Le Centre Carter a publié, le 3 novembre, un rapport intitulé « Une affaire d’État : la privatisation du secteur congolais du cuivre », conclusion d’une enquête de dix années sur les pratiques contractuelles et financières de la compagnie minière de la République démocratique du Congo (RDC) Gécamines, et ses principaux partenaires privés. « En particulier, le secteur minier de la RDC a attiré des milliards de dollars dans des investissements privés, mais ces contrats ont peu profité aux revenus publics », dit le rapport dans son introduction.
L’enquête menée avec le gouvernement, la société civile et les acteurs du secteur privé, est basée sur deux-cents entretiens et sur l’examen de plus de cent contrats miniers, mille documents et des données de l’Initiative pour la Transparence de l’industrie extractive (EITI). Elle couvre une période allant de 2007 à 2014. Les conclusions du rapport sur la privatisation de facto du secteur du cuivre en RDC est sans appel : ni le peuple, ni l’État congolais n’ont bénéficié de la privatisation et la Gécamines est, plus que jamais, un État dans l’État.
En effet, Gécamines, selon le rapport, a utilisé sa position privilégiée pour générer $1,1 milliards de la production du cuivre et du cobalt entre 2011 et 2014. Deux tiers de cette somme, soit $750 millions ont simplement disparu.
L’analyse détaillé montre que « les données du registre des mines montrent que la compagnie possède encore approximativement cent permis d’exploitation, soit plus que ne le permet le Code national des mines », une situation qui lui permet de continuer à garder sa position dominante.
Cette position privilégiée a permis à Gécamines de générer des revenus substantiels provenant de ses partenaires privés et étrangers, soit une moyenne de $262 millions/an en royalties, bonus et autres, de 2009 à 2014. « Ces revenus ne sont pas dirigés vers le trésor public et ils sont largement hors du contrôle public. »
Alors que Gécamines a affirmé que ces revenus contribueraient à la modernisation de la production minière, « en pratique, ils semblent avoir été principalement utilisés pour d’autres buts. Deux tiers environ des 1,1 milliards de dollars que la compagnie a engrangés entre 2011 et 2014 ne peuvent pas être tracés clairement dans les comptes de Gécamines. Ce qui posent des questions significatives sur la destination réelle des revenus de Gécamines », dit le rapport.

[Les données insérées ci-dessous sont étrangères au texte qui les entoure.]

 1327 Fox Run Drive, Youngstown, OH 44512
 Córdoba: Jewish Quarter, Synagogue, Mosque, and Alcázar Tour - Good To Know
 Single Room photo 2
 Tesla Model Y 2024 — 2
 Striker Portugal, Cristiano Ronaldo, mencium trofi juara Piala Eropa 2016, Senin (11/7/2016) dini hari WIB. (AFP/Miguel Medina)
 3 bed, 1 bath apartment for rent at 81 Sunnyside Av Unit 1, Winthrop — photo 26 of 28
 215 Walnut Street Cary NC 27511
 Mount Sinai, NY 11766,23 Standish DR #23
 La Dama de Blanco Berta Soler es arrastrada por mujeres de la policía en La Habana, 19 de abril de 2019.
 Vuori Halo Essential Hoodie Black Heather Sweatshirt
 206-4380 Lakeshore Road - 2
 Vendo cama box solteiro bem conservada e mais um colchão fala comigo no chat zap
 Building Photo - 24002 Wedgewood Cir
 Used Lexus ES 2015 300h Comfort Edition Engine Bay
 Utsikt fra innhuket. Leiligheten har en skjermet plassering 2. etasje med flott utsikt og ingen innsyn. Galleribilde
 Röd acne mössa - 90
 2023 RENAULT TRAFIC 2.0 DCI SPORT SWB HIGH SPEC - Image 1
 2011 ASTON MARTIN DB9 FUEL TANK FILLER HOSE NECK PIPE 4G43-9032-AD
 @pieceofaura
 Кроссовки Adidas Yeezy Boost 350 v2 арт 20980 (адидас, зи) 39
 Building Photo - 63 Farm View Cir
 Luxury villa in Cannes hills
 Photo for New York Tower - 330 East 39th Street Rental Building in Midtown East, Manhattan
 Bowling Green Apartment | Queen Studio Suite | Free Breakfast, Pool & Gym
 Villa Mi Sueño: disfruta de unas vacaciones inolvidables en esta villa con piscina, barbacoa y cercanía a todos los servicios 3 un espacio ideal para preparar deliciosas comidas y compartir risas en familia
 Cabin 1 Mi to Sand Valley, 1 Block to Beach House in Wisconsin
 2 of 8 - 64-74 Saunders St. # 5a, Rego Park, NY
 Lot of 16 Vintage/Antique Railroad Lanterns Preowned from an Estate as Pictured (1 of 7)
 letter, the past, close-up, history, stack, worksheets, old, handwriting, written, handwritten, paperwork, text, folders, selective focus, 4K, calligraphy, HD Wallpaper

Avant les élections de 2006 et celles de 2011, « des compagnies minières nationales ont accéléré leurs activités contractuelles et généré des revenus significatifs qui ont été difficiles à tracer », peut-on encore lire. Les conditions étaient favorables pour des ventes non enregistrées et un détournement des bénéfices. « Il est troublant que Gécamines ait refusé de publier les contrats de plusieurs accords miniers qui ont généré plus d’un demi milliard de dollars en 2016-2017. »
Bien que la RDC soit riche en ressources naturelles, dit le rapport, son peuple figure parmi les plus pauvre du monde. Malgré les milliards de dollars d’investissements privés dans le secteur minier, les revenus sont loin d’avoir généré des « bénéfices publics ». « La RDC a un potentiel pour vaincre l’héritage de la mauvaise gestion et de la corruption qui a contaminé son industrie minière », a écrit l’ancien président américain Jimmy Carter dans l’introduction du rapport. « J’appelle les dirigeants politiques à travailler avec le secteur privé, la société civile, la communauté internationale et autres pour garantir une gestion responsable des ressources naturelles de la RDC ».